Notes: Abstract In addition to producing acute neuronal necrosis within selectively vulnerable brain regions, our recent studies have shown that global cerebral ischemia may also be followed by protracted degenerative changes occurring over the course of 10 weeks. Chronic brain pathology may be associated with the abnormal deposition of β-amyloid precursor protein (βAPP). In the present study, we used a monoclonal antibody to the N-terminal portion of βAPP to characterize the brains of rats surviving 1–10 weeks following 10 min of global brain ischemia produced by bilateral carotid artery occlusions plus systemic hypotension. After ischemia, increased βAPP immunolabeling emerged in several brain regions. In the hippocampus, granular deposits appeared in the damaged CA1 area by 2 weeks, and by 4–10 weeks the remnants of necrotic CA1 neurons were also immunolabeled. In striatum and thalamus, regions with necrotic cell death also revealed granular βAPP deposits. The neocortex was devoid of overt ischemic neuronal damage but revealed prominent βAPP immunoreactivity. Large ovoid deposits of low-density βAPP immunostaining occurred in cortical neurons at 1–2 weeks. At 4–10 weeks, large round or oval deposits immunoreactive for βAPP appeared in several cortical regions. The highest density of deposits was seen in the temporal and piriform cortices. Our results indicate that abnormal βAPP deposition may result from ischemic as well as chronic neurodegenerative processes.

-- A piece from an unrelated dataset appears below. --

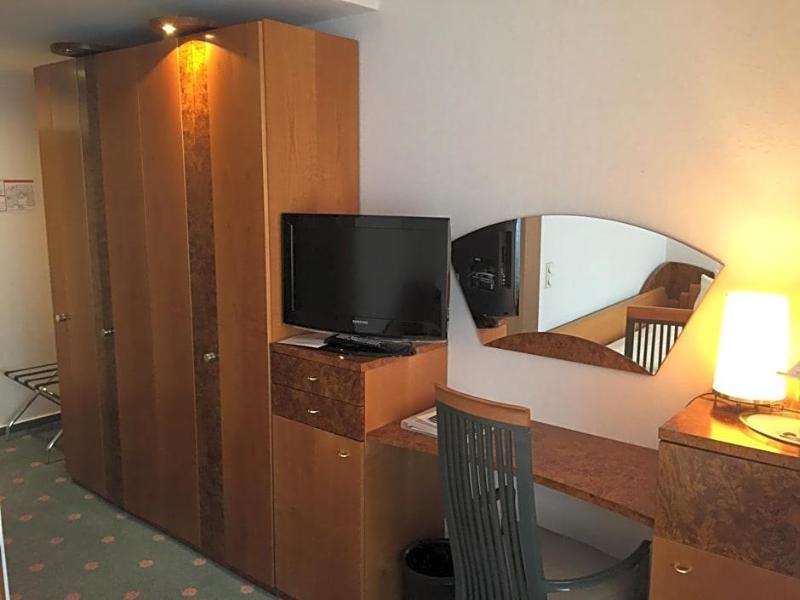 Kurpark Hotel image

Notes: Abstract We undertook a detailed characterization of the cellular responses to acute global cerebral ischemia complicated by hyperglycemia. Anesthetized, physiologically monitored male Wistar rats received 12.5 min of global forebrain ischemia by bilateral common carotid artery occlusions plus hemorrhagic hypotension to 45 mm Hg. Cranial temperature was maintained at normothermic levels. Hyperglycemic animals received dextrose (2.5 ml of a 25% solution, intraperitoneally) prior to ischemia; this doubled the mean plasma glucose concentration to 296 mg/100 ml. At 3 days (n = 10) or 24 h (n = 4) after ischemia, brains were perfusion-fixed and paraffin-embedded for light microscopic histopathology and for the histochemical visualization of activated microglia and the immunocytochemical visualization of glial fibrillary acid protein. Normal-neuron counts in the vulnerable hippocampal CA1 sector of hyperglycemic-ischemic (HI) rats were reduced to one-third the number observed in normoglycemic-ischemic (NI) animals. Ischemic cell counts in the striatum were increased fivefold or more in HI compared to NI rats, and normal small-neuron counts were reduced by two-thirds. The neocortex and striatum of NI rats showed only mild damage, while the majority of HI rats had extensive lesions, and several showed large cortical, striatal or thalamic infarcts. In addition, widespread cortical ischemic neuronal changes were evident in HI animals. No endothelial alterations were present in NI rats. By contrast, HI rats showed prominent peri- and intravascular polymorphonuclear and monocytic accumulation evident at 24 h; frequent white cell thrombi in pial arterioles on day 3; and thickening of vascular endothelium, with foci of parenchymal rarefaction or microinfarction adjacent to occluded vessels. Prominent microglial activation, often along the course of penetrating blood vessels, was common in the striatum and neocortex of HI animals but was much less extensive in the NI group. Activated microglia in HI rats were typically hypertrophic and amoeboid. These results suggest that the detrimental influence of hyperglycemia in ischemia is initially mediated by an action on vascular endothelium, which in turn leads to widespread foci of infarction and neuronal loss.